Saturday, October 15, 2011

Failure to Thrive Syndrome












I am smiling again. I got my wife back after a long, long absence. When we anticipated being empty-nesters, I did not guess that it would be me alone in the nest. After our wonderful trip to the UK and Switzerland, Sheila stayed in London and partied with Chelsea; then visited Darcee in Portland to help with Keith's treatment; and finally went to Eugene to hang out with Little Evelyn. To say I missed her would constitute a ginormous understatement. Seriously, there were moments were I was pretty sure I wouldn't (and couldn't) make it another day.
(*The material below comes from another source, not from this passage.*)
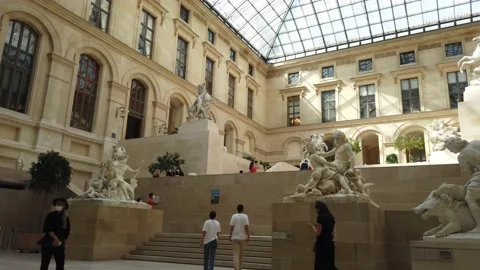 LOUVRE MUSEUM Stock Footage 162020784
For centuries, nursery workers have been aware of an obscure diagnosis to explain mysterious infant and children motality--Failure to Thrive Syndrome. I was pretty sure that I was suffering from this potential fatal ailment. While visiting my attending physician, Dr. Brett DeGooyer, for some minor lumbago symptoms, he in fact, verified the diagnosis. I have always thought him a wise physician, but his ability to hone in on this diagnosis like a laser shot, was well, beyond impressive. Fortunately, the cure for this most serious of conditions is pretty simple--gobs and gobs of TLC. The She-wolf is back in the nest, so friends and family members need not worry that I continue to suffer, nor that my life is still precipitously dangling in doubt.


In describing my near death experience to a doubting friend, I felt the need to show him the prescription written by my doctor. I have attached this very real and valid document lest there are others that doubt my experience, or are simply curious about this diagnosis. Regardless, rest assured that I am once again thriving and happy!

2 comments:

Sydney said...

Hahaha. I think this proves that if Mom died, you would die. Did Dr. DeGooyer also diagnosis your clinical hyperbole syndrome?

Rangi said...

Is this also the doctor that hooks you up with the Viagra? (Strictly for mountaineering purposes of course.)